- Nearest city: Guaraqueçaba, Paraná
- Coordinates: 25°10′25″S 48°18′00″W﻿ / ﻿25.173565°S 48.29993°W
- Area: 819.18 hectares (2,024.2 acres)
- Designation: Private natural heritage reserve
- Created: 7 December 1994

= Salto Morato Private Natural Heritage Reserve =

Natural heritage reserve in Brazil

The Salto Morato Private Natural Heritage Reserve (Reserva Natural Salto Morato is a private natural heritage reserve in the state of Paraná, Brazil.

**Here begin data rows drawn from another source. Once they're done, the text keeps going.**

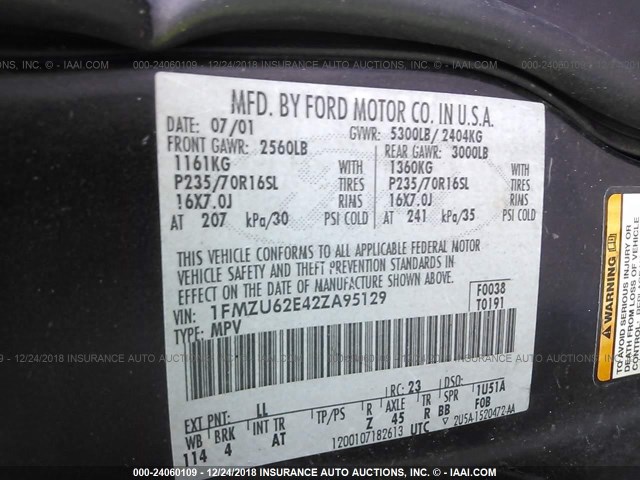 1FMZU62E42ZA95129 - 2002 FORD EXPLORER XLS BLUE photo 9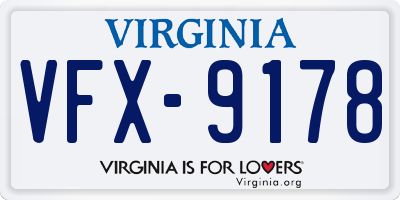 VA license plate VFX9178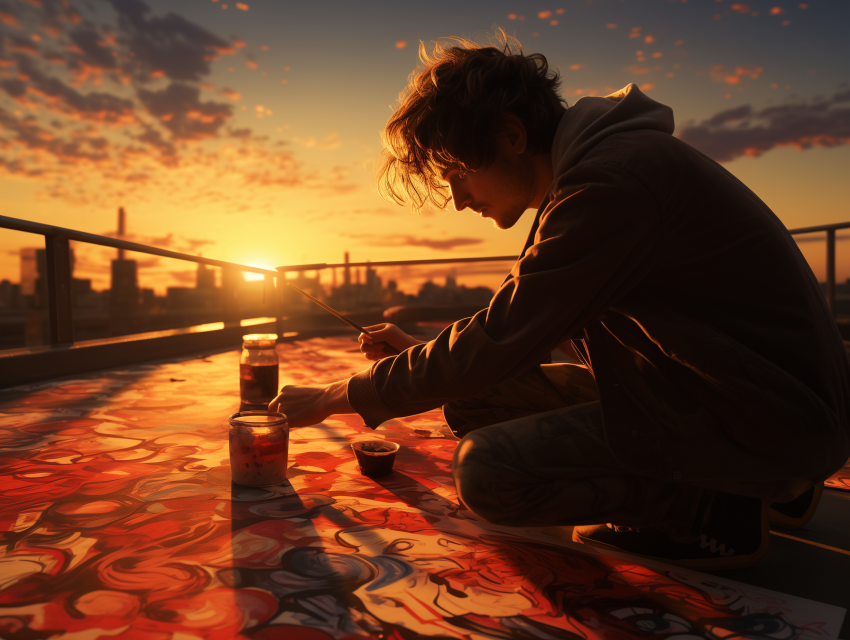 Artist Painting Rooftop Mural at Sunset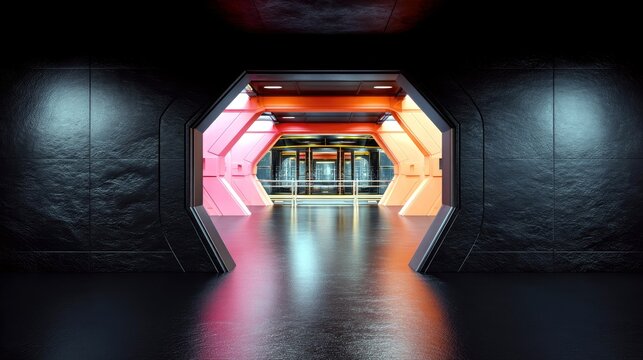 A modern, futuristic corridor with hexagonal openings revealing a brightly lit interior and reflective floor.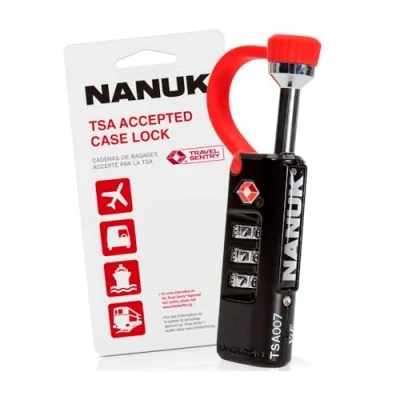 Afbeelding van Nanuk TSA 3 cijferig cijferslot voor koffer, tas, rugzak, bagage, klein (zwart, 1 stuk)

It protects an area of Atlantic Forest that is home to many endemic bird species.

==Location==

The Salto Morato Private Natural Heritage Reserve is in the municipality of Guaraqueçaba on the coast of the north of Paraná.
The property has an area of 2253 ha.
Of this, 819.18 ha has been officially recognized as a Private Natural Heritage Reserve, but the remainder is managed in the same way and should be recognized after regularization of land titles.
There are interpretive trails, a visitor center, kiosks, camping, lodging for researchers, a research center and a laboratory.
There is a meteorological station that is part of the Paraná Meteorological System (SIMEPAR).
Pets are not allowed.
The reserve has supported scientific research from time of opening.

==Environment==

The reserve protects an area of Atlantic Forest.
It includes alluvial, submontane, montane and high montane formations.
It also protects landscapes of rare beauty, such as the Garacuí and Morato mountains and the Salto Morato waterfall, with a height of about 120 m
It is home to a significant number of endemic species of birds.
646 vascular plant species have been identified as well as 93 mammal species, 325 bird species, 36 reptile species, 61 amphibian species and 55 fish species.
The reserve is part of the Lagamar Mosaic of conservation units.
Researchers have found two new species of fish and a new species of three-toed frog.
There is a 100-year-old fig tree, the Figueira do río Engenho, whose roots form a natural bridge over 6 m of the Ingenio River.

==History==

The land was purchased by the Fundação Grupo Boticário de Proteção à Natureza (Note: The Fundação Grupo Boticário de Proteção à Natureza is a non profit organization established by O Boticário, a major cosmetic company.) in 1994 with support from The Nature Conservancy, and was recognized as a Private Natural Heritage Reserve the same year.
The Salto Morato Private Natural Heritage Reserve was created by ordnance 132 of 7 December 1994 with an area of 819.18 ha.
It opened to the public in 1996.
UNESCO recognized the reserve in 1999 as a natural World Heritage Site.